# stepping down 300v ac

Discussion in 'General Electronics Discussion' started by asad1234, Apr 10, 2013.

9
0
Apr 10, 2013
I want to stepdown 300Vac 50hz to 5v(peak)ac but i have only 220v to 12vrms transformer available can someone suggest how can i use this 220v transformer with 300v. I tried using a potential divider to first divide the voltage but it doesn't works since the primary winding of transformer comes in parallel with the resistance of potential divider circuit and mess up the voltage drop any suggestions??

2. ### Harald KappModeratorModerator

9,880
2,094
Nov 17, 2011
What is the power?
You may try a series resistor or a series capacitor (Z=1/(2*Pi*f*C) to reduce the voltage across the transformer's primary coil.

9
0
Apr 10, 2013
The output of the the transformer is connected to a rectifier and is then connected to microcontroller for measuring it .Since output load is very low(low output power) i assume there will be very low input power
How can i choose the value value of series resistor?

4. ### Harald KappModeratorModerator

9,880
2,094
Nov 17, 2011
You need to know the primary current of the transformer under load condition and at 220V. From teh voltage diference to 300V you get the required voltage drop across the series resistor. Therefore R=(300V-220V)/Iprimary.
Or use a capacitor of the same impedance to reduce loss.

5. ### Merlin3189

250
69
Aug 4, 2011
Where does the 300V AC come from?

9
0
Apr 10, 2013
300v is the maximum output of autotransformer

7. ### Merlin3189

250
69
Aug 4, 2011
So what is the input to the transformer? And if 300V is the maximum output, is there a lower one?

9
0
Apr 10, 2013
220v input 160v minimum output

9. ### Merlin3189

250
69
Aug 4, 2011
So, you have 220V supply, you use the auto transformer to step it up to 300V,
then you ask, how to use a 220V transformer with this 300V supply!
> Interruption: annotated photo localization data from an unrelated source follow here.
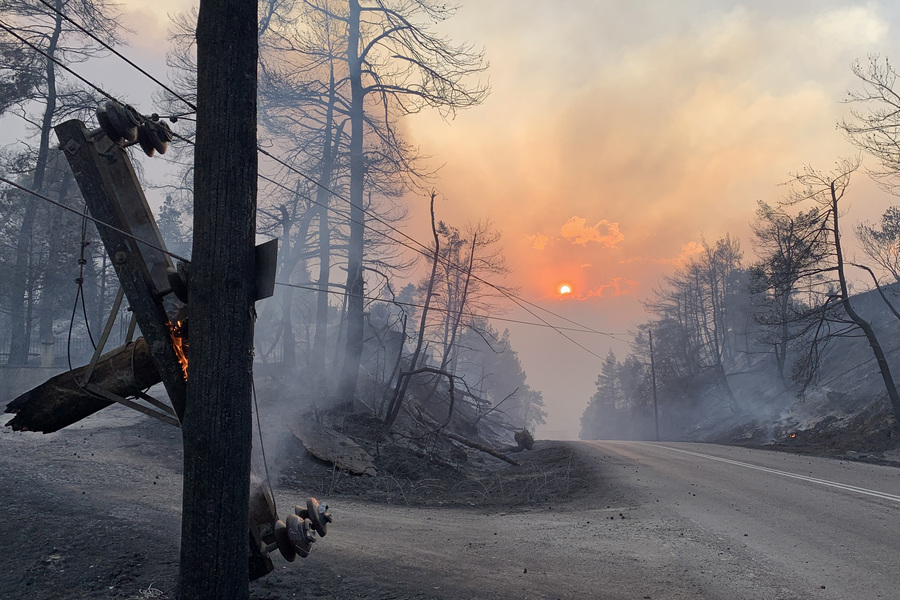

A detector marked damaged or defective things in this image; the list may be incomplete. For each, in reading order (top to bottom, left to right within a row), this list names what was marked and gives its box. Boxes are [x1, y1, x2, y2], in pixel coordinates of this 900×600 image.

charred utility pole [177, 0, 258, 596]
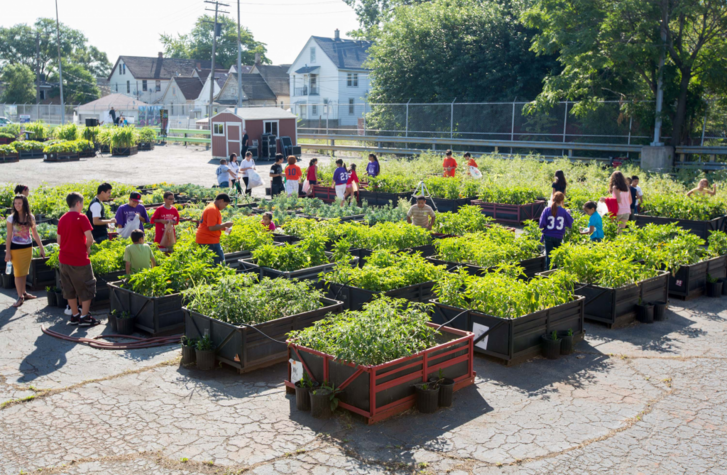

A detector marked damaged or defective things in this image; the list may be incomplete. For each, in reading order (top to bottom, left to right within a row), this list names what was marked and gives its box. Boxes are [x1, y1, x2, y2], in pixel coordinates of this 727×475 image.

cracked pavement [1, 286, 727, 475]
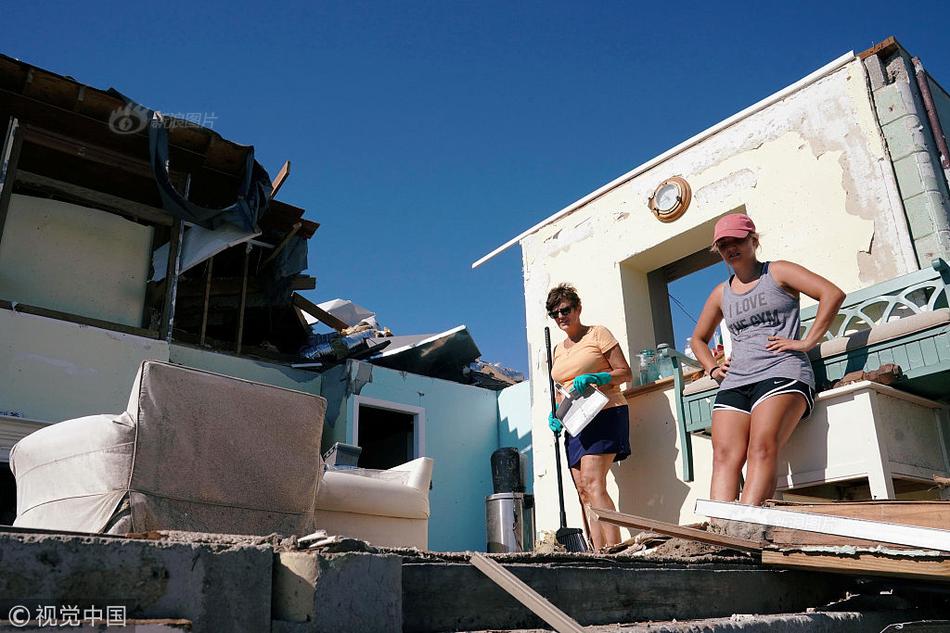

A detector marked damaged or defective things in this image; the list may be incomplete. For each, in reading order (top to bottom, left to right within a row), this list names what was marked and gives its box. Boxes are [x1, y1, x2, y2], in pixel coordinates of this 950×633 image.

damaged house [0, 54, 532, 552]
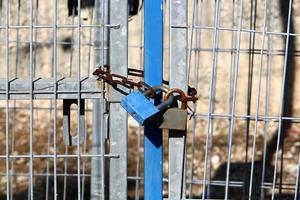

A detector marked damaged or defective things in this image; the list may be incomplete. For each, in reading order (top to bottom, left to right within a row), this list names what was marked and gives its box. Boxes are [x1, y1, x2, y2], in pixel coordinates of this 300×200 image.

rusty chain [92, 67, 198, 103]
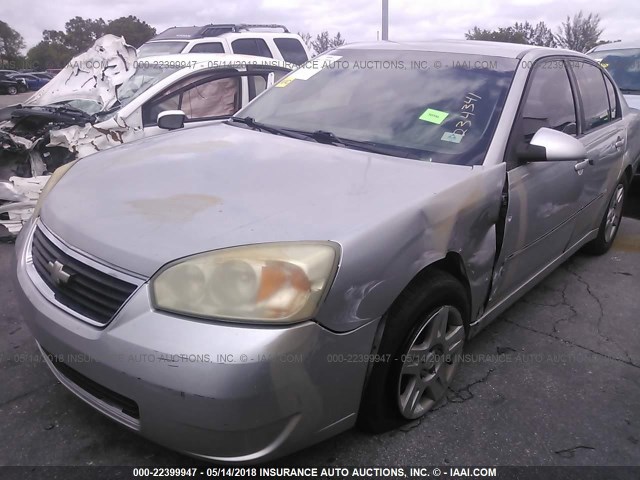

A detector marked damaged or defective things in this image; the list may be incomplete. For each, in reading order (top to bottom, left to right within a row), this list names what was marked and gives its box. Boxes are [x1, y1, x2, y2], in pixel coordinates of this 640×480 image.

wrecked white car [0, 34, 292, 236]
cracked headlight [151, 242, 340, 324]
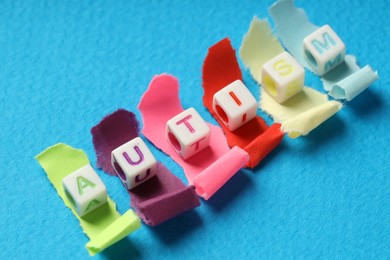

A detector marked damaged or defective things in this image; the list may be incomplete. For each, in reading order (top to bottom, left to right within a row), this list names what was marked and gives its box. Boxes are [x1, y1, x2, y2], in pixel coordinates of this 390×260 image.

ragged paper edge [34, 144, 139, 256]
yellow torn paper [35, 144, 141, 256]
green torn paper [35, 144, 142, 256]
ragged paper edge [91, 109, 200, 225]
pink torn paper [92, 109, 201, 225]
red torn paper [92, 109, 201, 225]
pink torn paper [138, 74, 247, 200]
red torn paper [138, 74, 247, 200]
orange torn paper [138, 74, 247, 200]
ragged paper edge [139, 74, 248, 198]
orange torn paper [201, 37, 284, 167]
red torn paper [201, 37, 284, 168]
ragged paper edge [203, 38, 282, 169]
ragged paper edge [241, 17, 284, 82]
yellow torn paper [239, 17, 342, 137]
green torn paper [239, 17, 342, 138]
ragged paper edge [260, 87, 342, 138]
light blue torn paper [268, 0, 378, 100]
ragged paper edge [270, 0, 380, 100]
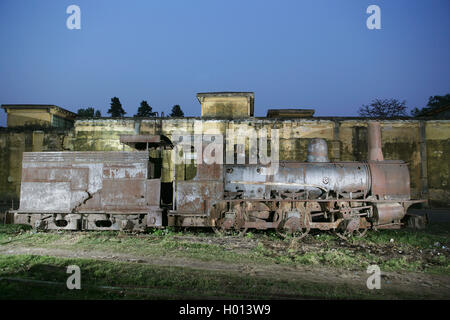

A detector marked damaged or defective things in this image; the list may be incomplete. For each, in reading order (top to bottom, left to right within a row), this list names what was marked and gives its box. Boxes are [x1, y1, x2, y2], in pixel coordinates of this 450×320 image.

corroded metal chassis [11, 151, 163, 231]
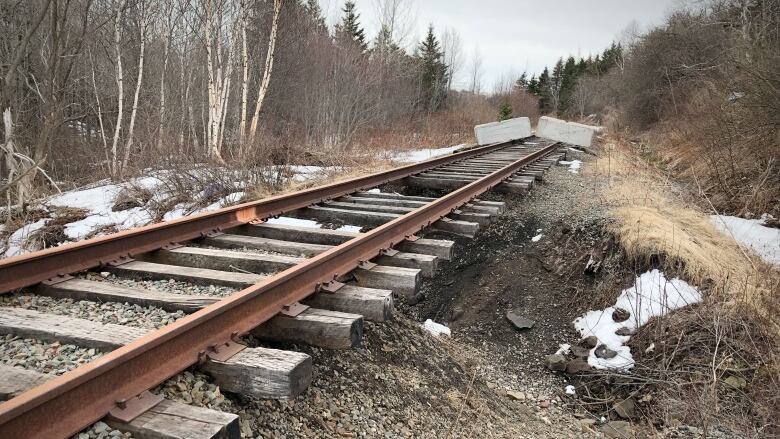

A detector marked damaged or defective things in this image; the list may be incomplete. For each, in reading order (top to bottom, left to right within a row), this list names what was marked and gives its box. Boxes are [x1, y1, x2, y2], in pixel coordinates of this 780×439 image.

rusty railway track [0, 137, 564, 436]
Why not simply use the 220V transformer with the 220V supply?

That would give you 12V rather than 5V, but that would probably drive a 5V regulator if the load is not too big.

If you want to put the autotransformer into the setup, if you apply the 220V input to the 300V tap and use the 160V tap to supply the 220V transformer, then you get 6.4V out.
220 x (160/300 ) x (12/220) = 6.4

Depending on your rectifying and smoothing arrangement and the load, this could give the right input (~7.5V) into a 5V regulator.
If you need a bit more, feed the 220V into a lower tap than the 300V tap, say somewhere between 230 and 260.

10. ### Merlin3189

250
69
Aug 4, 2011
Oh! Sorry I've just realised that you wanted the 5V as AC, so that nullifies my whole idea.
In that case you may as well stick with a dropper resistor or capacitor.
But still use the 300V tap for the input. There's no point in stepping the Voltage up from 220 to 300 when you really want it lower. Use both in maximum step down configuration.
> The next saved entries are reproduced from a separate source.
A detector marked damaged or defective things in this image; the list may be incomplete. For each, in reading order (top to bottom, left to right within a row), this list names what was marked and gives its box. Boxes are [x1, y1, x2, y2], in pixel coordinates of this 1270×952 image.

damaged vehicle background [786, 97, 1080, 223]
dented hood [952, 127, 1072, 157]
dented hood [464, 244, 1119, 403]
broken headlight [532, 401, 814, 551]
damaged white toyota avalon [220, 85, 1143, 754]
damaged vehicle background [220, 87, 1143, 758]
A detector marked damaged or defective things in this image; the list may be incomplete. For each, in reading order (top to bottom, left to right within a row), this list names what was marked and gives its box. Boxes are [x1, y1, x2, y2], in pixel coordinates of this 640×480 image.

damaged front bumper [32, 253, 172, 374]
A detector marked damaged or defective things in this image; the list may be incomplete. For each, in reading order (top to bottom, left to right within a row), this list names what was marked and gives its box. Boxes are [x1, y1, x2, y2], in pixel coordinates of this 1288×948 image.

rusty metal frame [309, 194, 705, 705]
11. ### KrisBlueNZSadly passed away in 2015

8,393
1,267
Nov 28, 2011
I think maybe he has a variable transformer, and he wants to monitor the output voltage. He mentioned a minimum voltage of 160 VAC and a maximum of 300 VAC.

9
0
Apr 10, 2013
Exactly i want to monitor the output of my variable transformer

13. ### Merlin3189

250
69
Aug 4, 2011
So what's wrong with a simple resistive potential divider?
If your meter (or sensor?) wants a maximum of 5V when the transformer is giving 300V, then add a resistor in series, which is equal to 59x the meter's (or sensor's) input resistance. If the input resistance is already large, you can reduce it with another resistor in parallel first.

14. ### KrisBlueNZSadly passed away in 2015

8,393
1,267
Nov 28, 2011
He wants to monitor the voltage using a microcontroller. I assume the microcontroller's 0V rail will be earthed, and the transformer output will have to be floating, so he needs isolation.
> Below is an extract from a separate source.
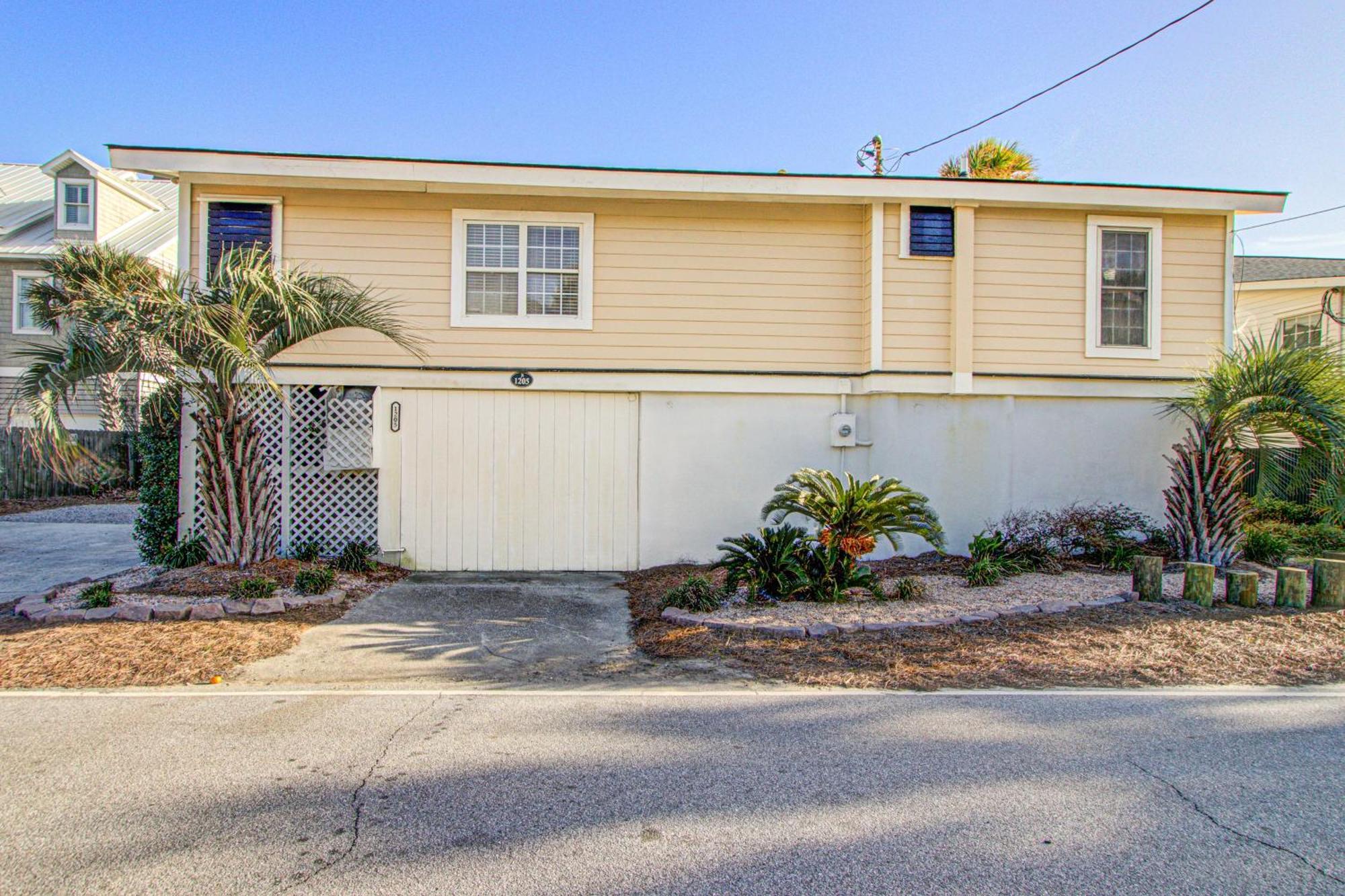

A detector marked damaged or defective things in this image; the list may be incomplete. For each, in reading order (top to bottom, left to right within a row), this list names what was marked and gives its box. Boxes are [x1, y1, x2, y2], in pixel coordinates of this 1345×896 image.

crack in asphalt [280, 688, 444, 887]
crack in asphalt [1124, 753, 1345, 887]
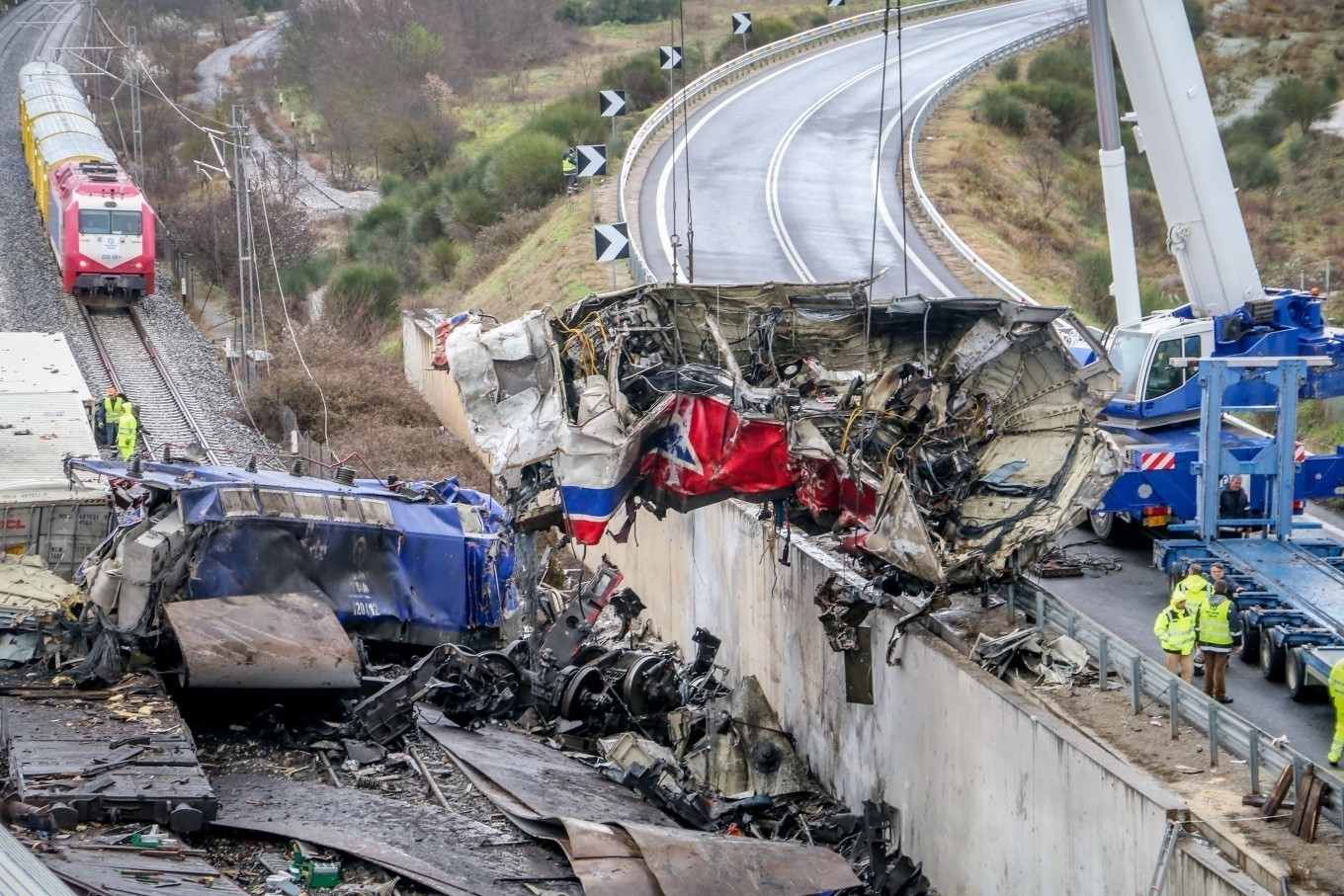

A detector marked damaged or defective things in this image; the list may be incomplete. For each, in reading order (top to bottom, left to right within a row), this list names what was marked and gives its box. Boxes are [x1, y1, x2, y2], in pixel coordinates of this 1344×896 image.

15. ### KrisBlueNZSadly passed away in 2015

8,393
1,267
Nov 28, 2011
I guess your simplest option is to put a load resistor across the secondary of your 220VAC->12VAC transformer, and a resistor in series with the primary.

I'll assume a maximum dissipation in the load resistor of about 2W, so you can use a 5W resistor. The load resistance can be calculated as:
R = V^2 / P
= 12^2 / 2
= 72 ohms
Use a 68 ohm, 5W resistor. Probably wirewound.

Now you need to calculate the resistance to connect in series with the primary.
The resistance you see looking into the primary winding of the transformer will be the load resistance multiplied by the square of the turns ratio.
The turns ratio for a 220-to-12V transformer is 220/12 which is 18.333. The square of that is 336.
So the resistance looking into the primary is 68 * 336 which is 22.85 kilohms.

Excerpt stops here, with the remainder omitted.